The original problem is: Given $Y_i = \beta X_i + \epsilon_i$, $i=1,2,...,n$, where $X \sim N(\mu, \tau^2)$ iid and $\epsilon \sim N(0, \sigma^2)$ iid, $X$ and $\epsilon$ are independent. What is the expectation and variance of $\frac{\sum Y_i}{\sum X_i}$
$\sum Y_i \sim N(n\beta \mu, n(\beta^2 \tau^2 + \sigma^2))$
$\sum X_i \sim N(n\mu, n\tau^2)$
$\sum \epsilon_i \sim N(0, n\sigma^2)$
I first found from the fact that $E(\epsilon_i) = 0$ that $$ E\left(\frac{\sum Y_i}{\sum X_i}\right) = E\left(\frac{\sum (\beta X_i + \epsilon_i)}{\sum X_i}\right) = E\left(\frac{\beta \sum X_i + \sum \epsilon_i}{\sum X_i}\right) = E\left(\beta + \frac{\sum \epsilon_i}{\sum X_i}\right) = \beta + E\left(\frac{\sum \epsilon_i}{\sum X_i}\right) = \beta + E(\Sigma \epsilon_i)\cdot E\left(\frac{1}{\Sigma X_i}\right) = \beta $$ And I tried a similar method for Variance to get $$ Var\left(\frac{\sum Y_i}{\sum X_i}\right) = Var\left(\beta + \frac{\sum \epsilon_i}{\sum X_i}\right) = Var\left(\frac{\sum \epsilon_i}{\sum X_i}\right) $$ but haven't been able to manipulate it further to find an answer.
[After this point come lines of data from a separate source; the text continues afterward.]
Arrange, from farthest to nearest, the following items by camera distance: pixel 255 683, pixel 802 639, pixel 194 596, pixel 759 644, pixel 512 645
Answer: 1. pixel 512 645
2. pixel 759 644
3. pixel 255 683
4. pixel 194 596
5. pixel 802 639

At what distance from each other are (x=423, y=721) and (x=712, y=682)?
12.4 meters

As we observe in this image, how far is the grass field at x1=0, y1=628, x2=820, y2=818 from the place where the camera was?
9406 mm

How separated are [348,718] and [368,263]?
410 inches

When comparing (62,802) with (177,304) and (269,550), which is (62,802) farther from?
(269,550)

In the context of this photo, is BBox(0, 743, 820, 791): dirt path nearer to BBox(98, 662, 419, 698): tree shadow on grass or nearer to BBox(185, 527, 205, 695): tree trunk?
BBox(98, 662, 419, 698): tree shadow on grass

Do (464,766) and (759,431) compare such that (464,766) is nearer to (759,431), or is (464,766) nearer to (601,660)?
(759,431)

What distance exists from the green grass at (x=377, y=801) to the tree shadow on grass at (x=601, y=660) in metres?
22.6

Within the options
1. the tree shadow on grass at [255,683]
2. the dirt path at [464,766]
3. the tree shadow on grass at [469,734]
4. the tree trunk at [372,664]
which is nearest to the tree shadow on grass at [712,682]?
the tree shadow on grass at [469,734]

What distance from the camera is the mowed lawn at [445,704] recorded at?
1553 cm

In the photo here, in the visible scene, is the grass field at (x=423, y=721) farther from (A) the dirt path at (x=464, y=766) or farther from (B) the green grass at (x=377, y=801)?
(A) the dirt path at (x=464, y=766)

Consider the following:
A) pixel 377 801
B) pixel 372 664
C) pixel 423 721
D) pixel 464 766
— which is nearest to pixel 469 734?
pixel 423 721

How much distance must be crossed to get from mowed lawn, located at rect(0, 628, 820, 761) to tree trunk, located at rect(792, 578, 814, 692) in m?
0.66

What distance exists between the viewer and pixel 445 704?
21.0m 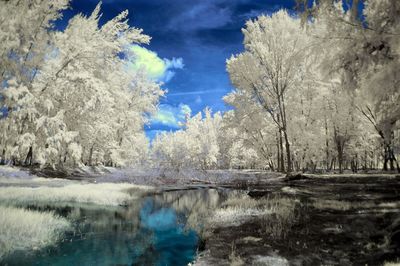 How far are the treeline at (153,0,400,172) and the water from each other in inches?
257

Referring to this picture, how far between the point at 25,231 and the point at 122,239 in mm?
2667

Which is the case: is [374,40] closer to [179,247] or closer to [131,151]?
[179,247]

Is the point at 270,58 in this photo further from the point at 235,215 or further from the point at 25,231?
the point at 25,231

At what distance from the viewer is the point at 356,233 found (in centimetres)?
873

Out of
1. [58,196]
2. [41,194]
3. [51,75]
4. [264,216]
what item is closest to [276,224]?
[264,216]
I tried using the Law of Total Variance to find $$ Var\left(\frac{\sum \epsilon_i}{\sum X_i}\right) = E\left(\frac{1}{\Sigma X_i}\right)^2Var\left(\Sigma \epsilon_i\right) + Var\left(\frac{1}{\Sigma X_i}\right)E\left(\Sigma \epsilon^2\right) $$ And then I tried to find the distribution for $1/X$ by letting $Z = \frac{1}{\sum X_i}$ and finding the transformation of $f_X$ but I couldn't find a way to integrate it. Does anyone have any advice for where I can go from here?